Practical implication: inventory agent identities, their tool bindings, and their cloud reach before you try to test prompts or policies.

Multi-turn attacks and fragile intent

Single-turn testing misses one of the most important failure modes in agentic systems: intent drift over time. Multi-turn attacks use sustained dialogue, contextual pressure, and instruction override to see whether the system can be steered away from its intended purpose. That is especially relevant when the agent can preserve context, ingest untrusted content, or chain reasoning across steps. The issue is not whether one prompt gets blocked, but whether the agent’s control boundaries remain stable across an interaction that evolves.

Practical implication: test agent behaviour across conversation sequences, not just isolated prompts or static payloads.

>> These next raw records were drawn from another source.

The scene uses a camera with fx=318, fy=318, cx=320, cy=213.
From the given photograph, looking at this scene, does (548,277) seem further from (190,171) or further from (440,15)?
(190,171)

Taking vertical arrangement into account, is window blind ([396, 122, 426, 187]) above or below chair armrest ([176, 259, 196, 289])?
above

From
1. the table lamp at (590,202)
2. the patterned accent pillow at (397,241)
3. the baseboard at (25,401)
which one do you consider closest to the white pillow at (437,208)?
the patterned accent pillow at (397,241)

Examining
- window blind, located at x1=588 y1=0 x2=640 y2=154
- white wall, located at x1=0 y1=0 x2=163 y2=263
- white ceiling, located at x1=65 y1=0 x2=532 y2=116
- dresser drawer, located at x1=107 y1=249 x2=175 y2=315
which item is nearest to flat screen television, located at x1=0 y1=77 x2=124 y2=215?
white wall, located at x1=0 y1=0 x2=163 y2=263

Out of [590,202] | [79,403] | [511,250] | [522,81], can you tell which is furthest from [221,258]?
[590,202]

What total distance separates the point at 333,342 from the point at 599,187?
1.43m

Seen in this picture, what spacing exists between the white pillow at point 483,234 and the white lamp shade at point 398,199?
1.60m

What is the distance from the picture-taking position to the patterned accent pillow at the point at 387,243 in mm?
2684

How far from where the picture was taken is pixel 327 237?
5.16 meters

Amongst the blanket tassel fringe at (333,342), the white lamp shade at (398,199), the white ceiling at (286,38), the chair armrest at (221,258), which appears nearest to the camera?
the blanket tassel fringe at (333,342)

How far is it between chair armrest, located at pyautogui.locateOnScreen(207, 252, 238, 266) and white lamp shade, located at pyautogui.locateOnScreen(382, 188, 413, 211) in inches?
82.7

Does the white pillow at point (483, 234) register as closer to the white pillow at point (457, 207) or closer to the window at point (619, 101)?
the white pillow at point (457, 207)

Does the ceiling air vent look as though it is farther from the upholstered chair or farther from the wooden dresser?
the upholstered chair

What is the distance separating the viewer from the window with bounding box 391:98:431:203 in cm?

Runtime policy generation from red team findings

The most operationally important part of the workflow is the handoff from finding to control. A red team result is useful only if it changes the runtime boundary that allowed the behaviour in the first place. In agentic systems, that can mean classifier rules, prompt constraints, tool restrictions, or policy logic tied to a specific attack pattern. The architectural shift here is purple teaming, where discovery, testing, and protection form a continuous loop rather than separate disciplines.

Practical implication: require every validated finding to map to a runtime guardrail before the next deployment goes live.

NHI Mgmt Group analysis

Agentic red teaming is becoming a governance function, not a specialist test. Once an AI system can discover tools, retain context, and trigger runtime policy changes, the control problem extends beyond model evaluation. The post-test output is no longer just a finding, it is a change in the effective identity boundary. Practitioners should treat red teaming, policy generation, and access governance as one operating model.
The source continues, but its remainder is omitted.